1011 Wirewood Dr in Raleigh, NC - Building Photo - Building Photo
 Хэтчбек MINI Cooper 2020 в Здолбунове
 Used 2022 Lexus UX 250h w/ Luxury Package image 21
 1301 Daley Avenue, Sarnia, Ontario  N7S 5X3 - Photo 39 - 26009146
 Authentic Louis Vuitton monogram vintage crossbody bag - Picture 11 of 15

◆ ◆ ◆ ◆ ◆

▶ [Work instruction]:
Your answer must be the full listing above, printed exactly as it stands.

▶ [Solution]:
1011 Wirewood Dr in Raleigh, NC - Building Photo - Building Photo
 Хэтчбек MINI Cooper 2020 в Здолбунове
 Used 2022 Lexus UX 250h w/ Luxury Package image 21
 1301 Daley Avenue, Sarnia, Ontario  N7S 5X3 - Photo 39 - 26009146
 Authentic Louis Vuitton monogram vintage crossbody bag - Picture 11 of 15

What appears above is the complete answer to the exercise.